The task: A word-for-word reproduction of the data below is needed, with no pictures in it.

Dataset section:
☆ ☆ ☆ ☆

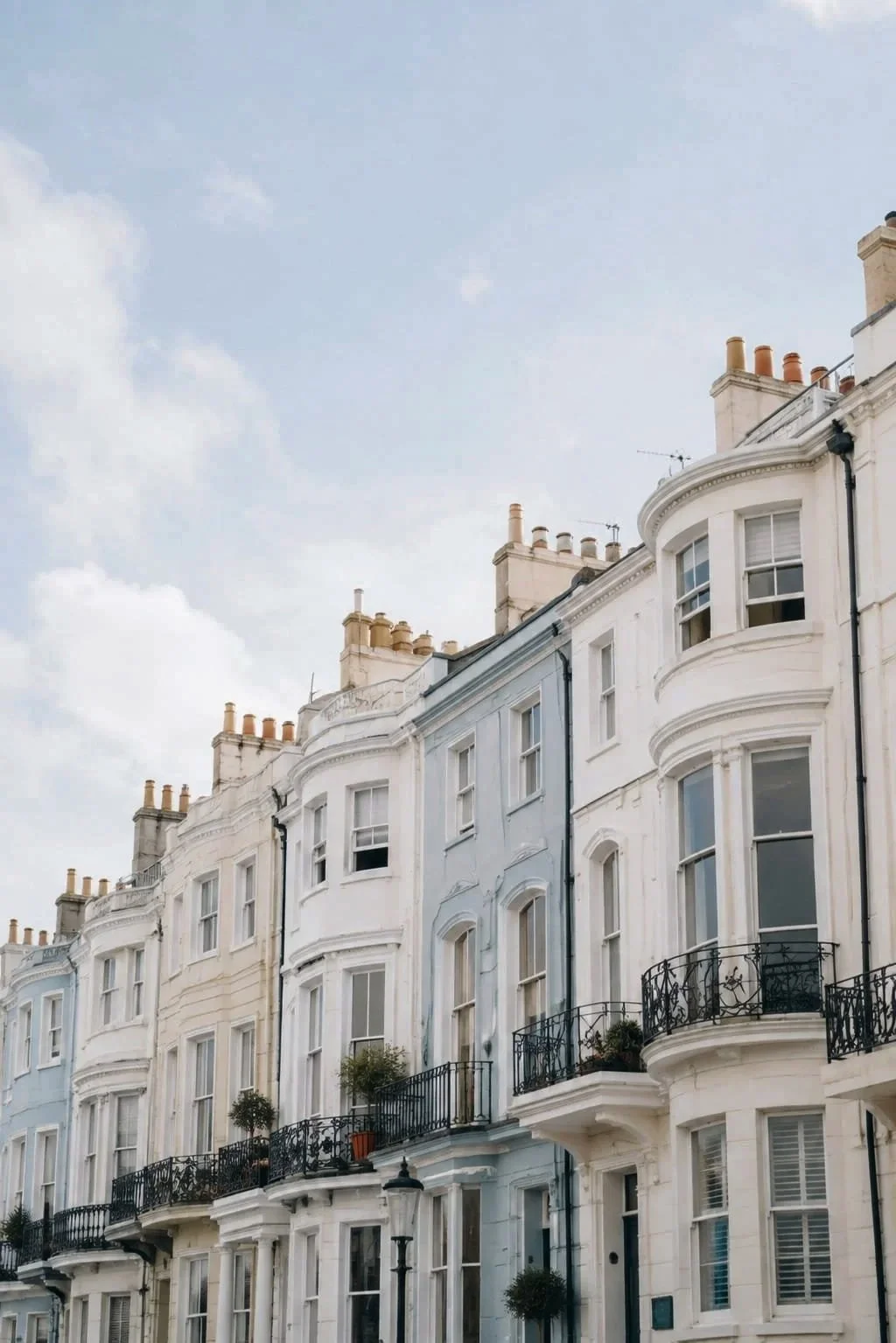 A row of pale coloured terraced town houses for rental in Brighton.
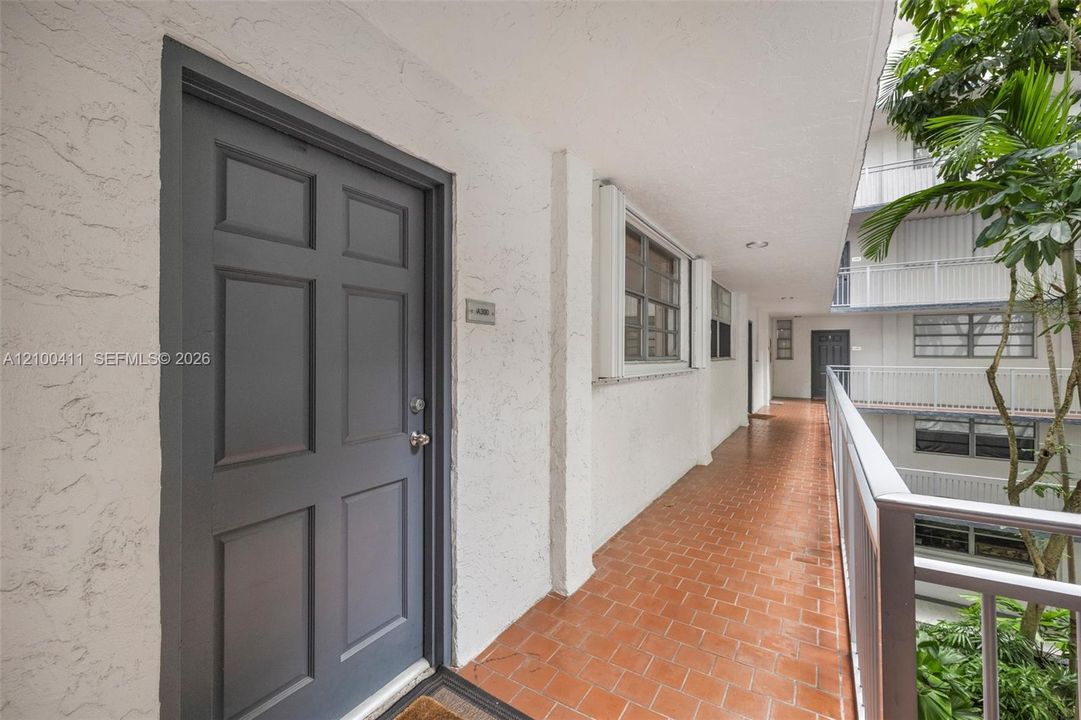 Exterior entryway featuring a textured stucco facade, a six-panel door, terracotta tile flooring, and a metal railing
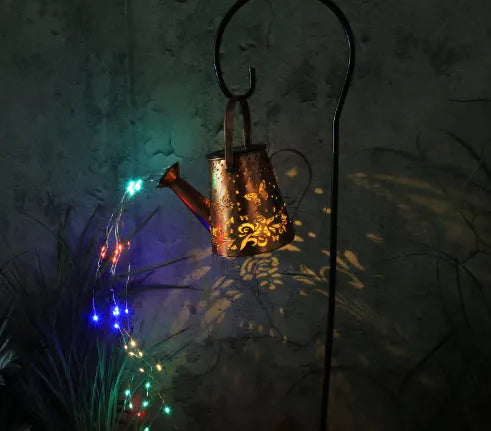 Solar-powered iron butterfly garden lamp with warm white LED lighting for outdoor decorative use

☆ ☆ ☆ ☆

Exercise response:
 A row of pale coloured terraced town houses for rental in Brighton.
 Exterior entryway featuring a textured stucco facade, a six-panel door, terracotta tile flooring, and a metal railing
 Solar-powered iron butterfly garden lamp with warm white LED lighting for outdoor decorative use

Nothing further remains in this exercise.